> _WHAT THIS TASK INVOLVES_
Everything in the listing must be repeated exactly, apart from the images.

> _DATA SECTION_
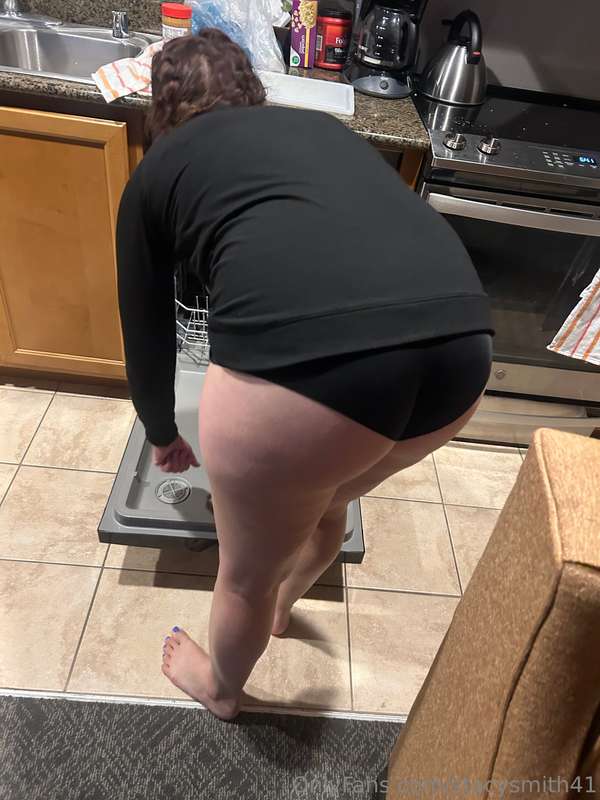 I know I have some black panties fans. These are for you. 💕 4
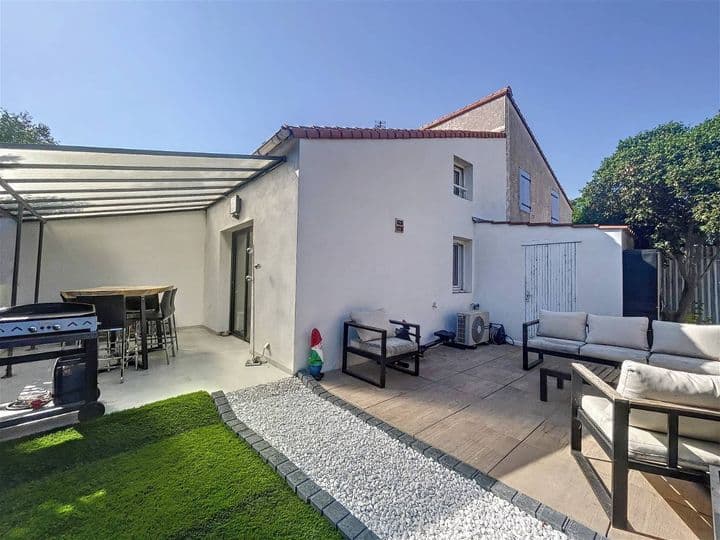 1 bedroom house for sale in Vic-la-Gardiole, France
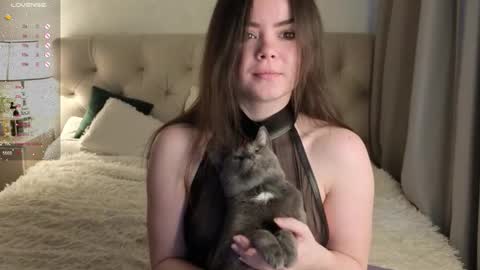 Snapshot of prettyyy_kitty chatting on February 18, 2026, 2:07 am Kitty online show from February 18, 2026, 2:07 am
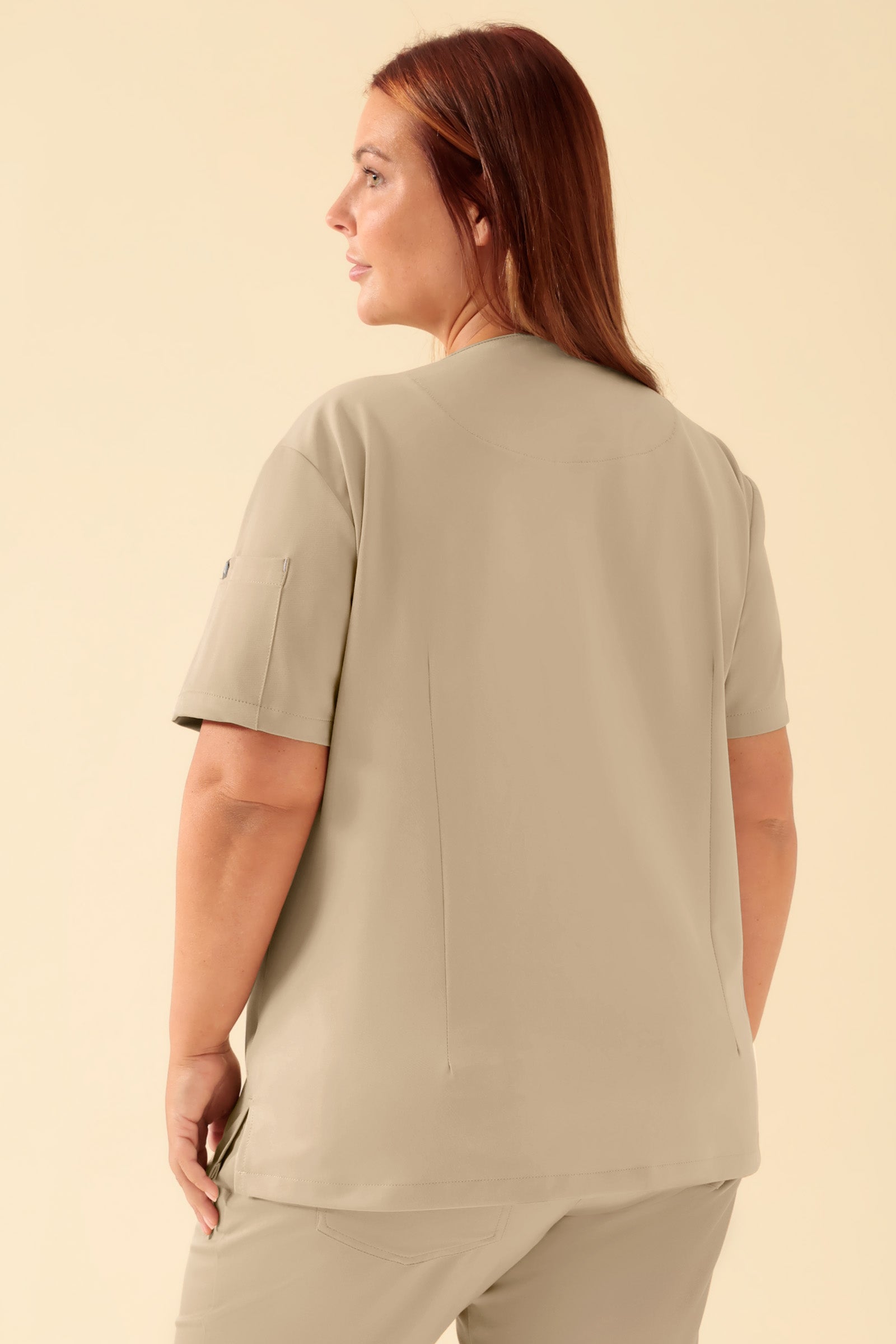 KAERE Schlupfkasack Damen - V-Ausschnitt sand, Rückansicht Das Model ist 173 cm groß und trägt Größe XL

> _RESULT OF THE TASK_
 I know I have some black panties fans. These are for you. 💕 4
 1 bedroom house for sale in Vic-la-Gardiole, France
 Snapshot of prettyyy_kitty chatting on February 18, 2026, 2:07 am Kitty online show from February 18, 2026, 2:07 am
 KAERE Schlupfkasack Damen - V-Ausschnitt sand, Rückansicht Das Model ist 173 cm groß und trägt Größe XL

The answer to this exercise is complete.